Task item: A verbatim copy is needed of the lines below from the one containing "Chandelier, Interior, Kitchen, Pendant" up to and including the one containing "The Rivercrest Winterguard, the", excluding pictures.
---------- Data for analysis ----------
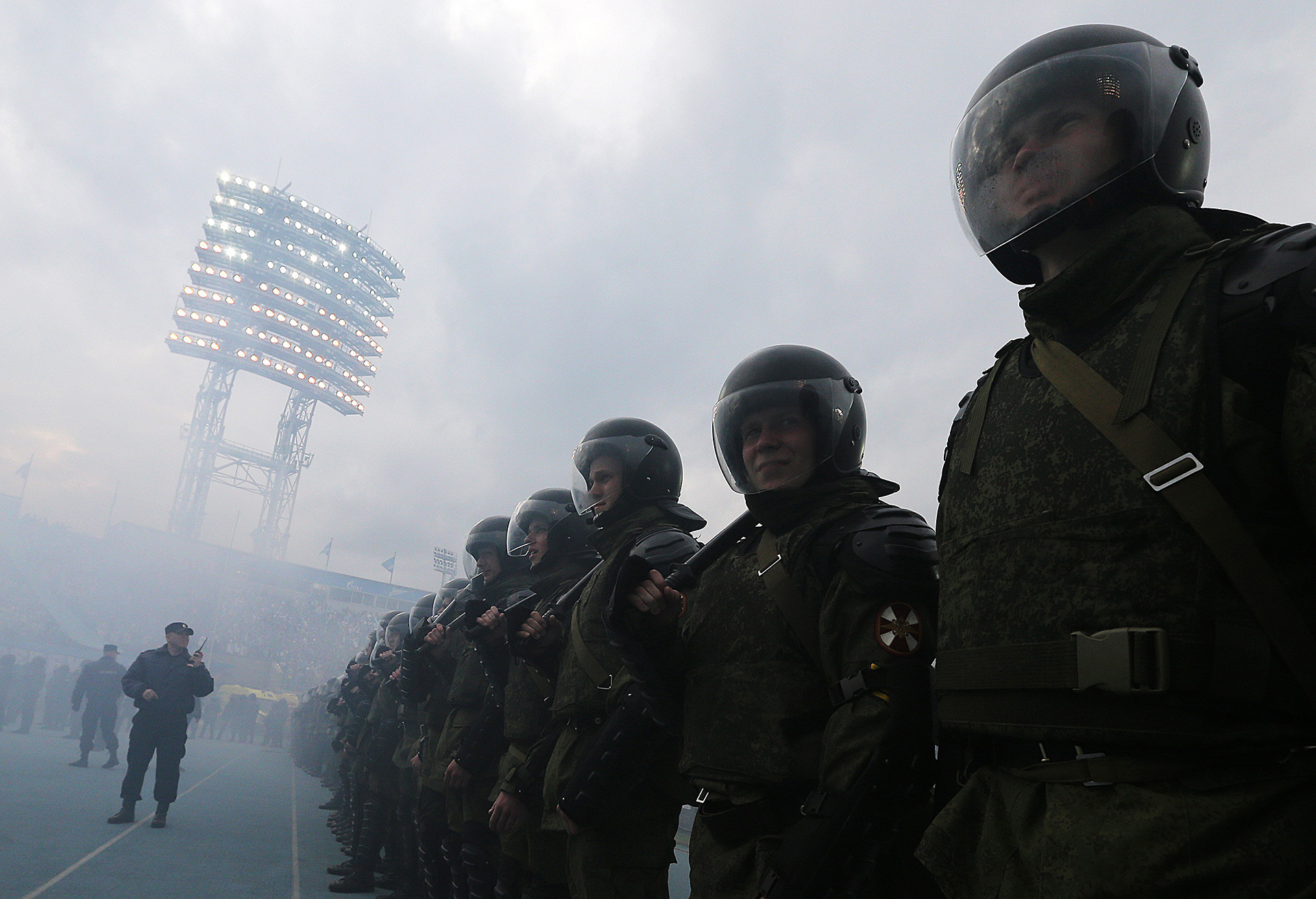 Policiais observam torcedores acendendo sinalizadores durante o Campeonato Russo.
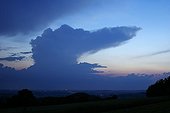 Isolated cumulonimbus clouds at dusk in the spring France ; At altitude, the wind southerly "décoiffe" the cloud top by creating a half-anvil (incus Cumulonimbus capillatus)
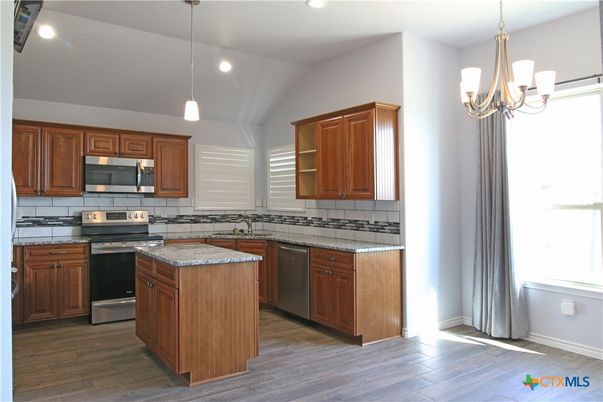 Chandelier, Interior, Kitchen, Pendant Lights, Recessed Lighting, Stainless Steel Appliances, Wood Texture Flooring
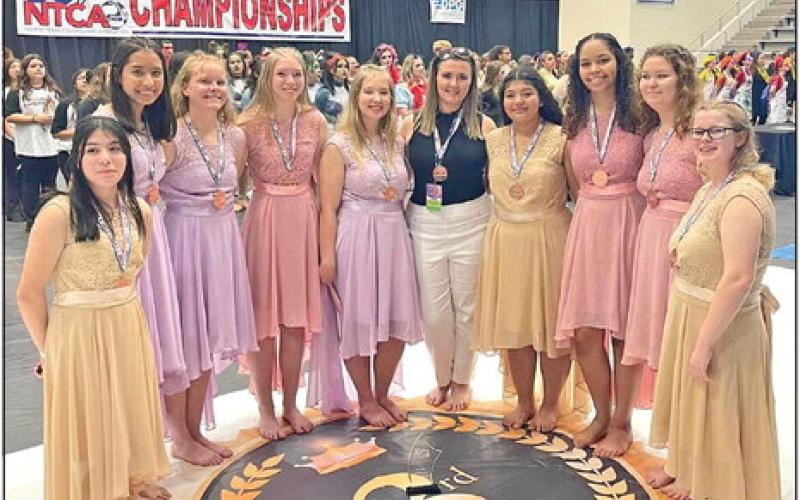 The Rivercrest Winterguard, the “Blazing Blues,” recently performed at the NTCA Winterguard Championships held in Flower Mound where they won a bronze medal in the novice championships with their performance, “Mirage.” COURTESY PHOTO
----------
---------- Data for analysis ----------
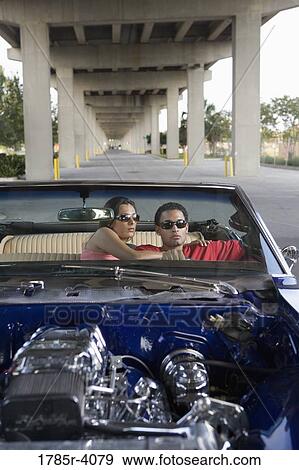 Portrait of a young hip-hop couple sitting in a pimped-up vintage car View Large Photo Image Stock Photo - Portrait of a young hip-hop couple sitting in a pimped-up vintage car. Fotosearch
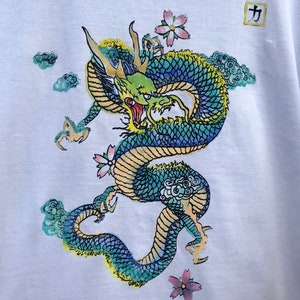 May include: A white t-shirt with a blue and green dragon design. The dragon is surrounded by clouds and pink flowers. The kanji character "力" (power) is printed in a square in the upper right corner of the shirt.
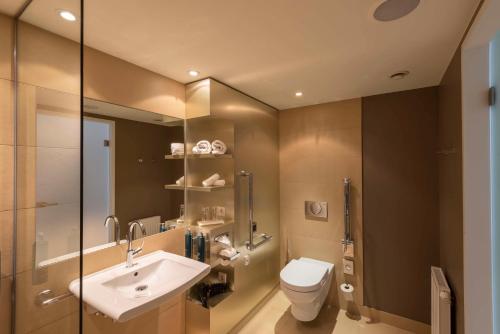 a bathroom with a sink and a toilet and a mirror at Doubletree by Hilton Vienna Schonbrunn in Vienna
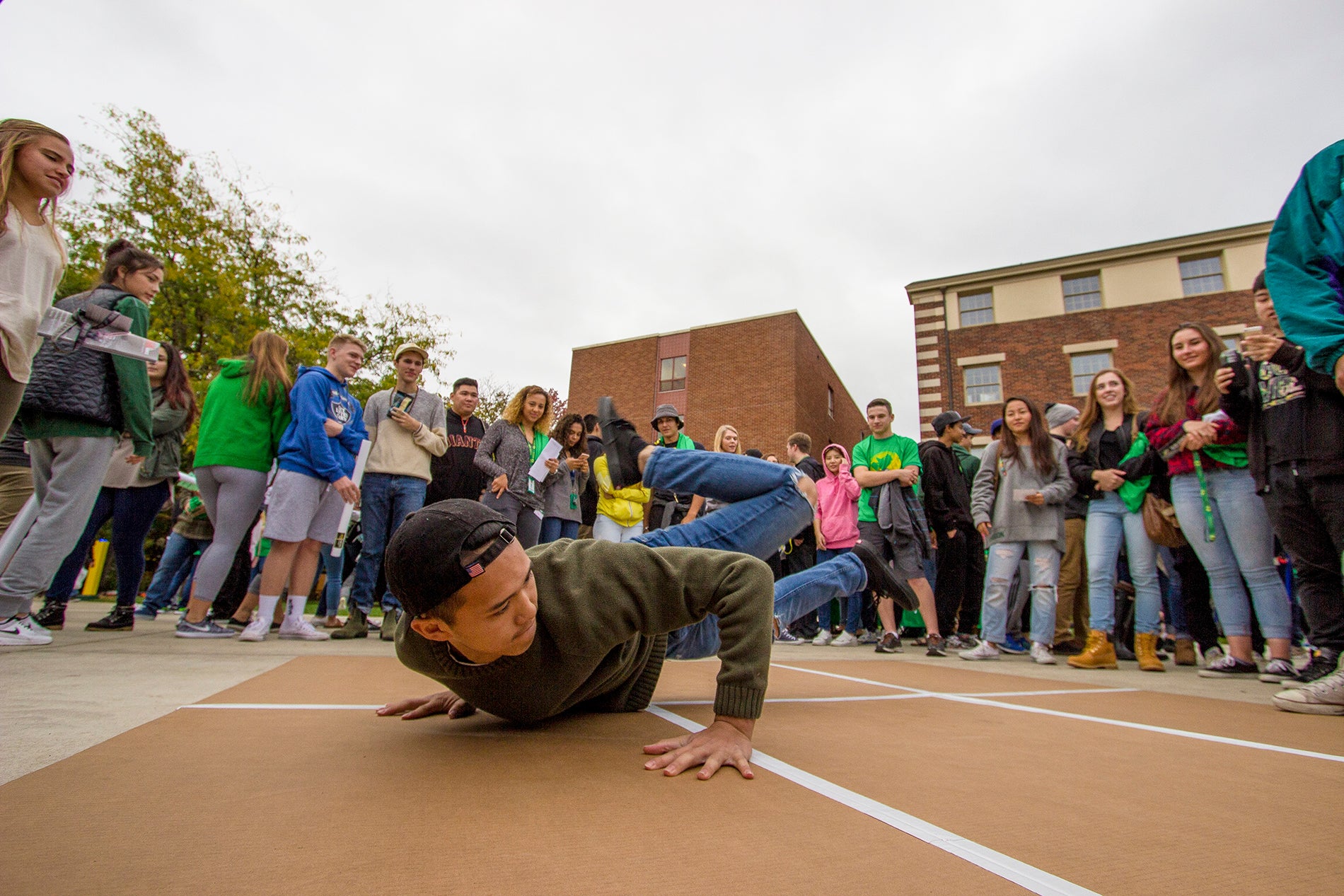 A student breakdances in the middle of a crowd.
----------
Response below:
 Chandelier, Interior, Kitchen, Pendant Lights, Recessed Lighting, Stainless Steel Appliances, Wood Texture Flooring
 The Rivercrest Winterguard, the “Blazing Blues,” recently performed at the NTCA Winterguard Championships held in Flower Mound where they won a bronze medal in the novice championships with their performance, “Mirage.” COURTESY PHOTO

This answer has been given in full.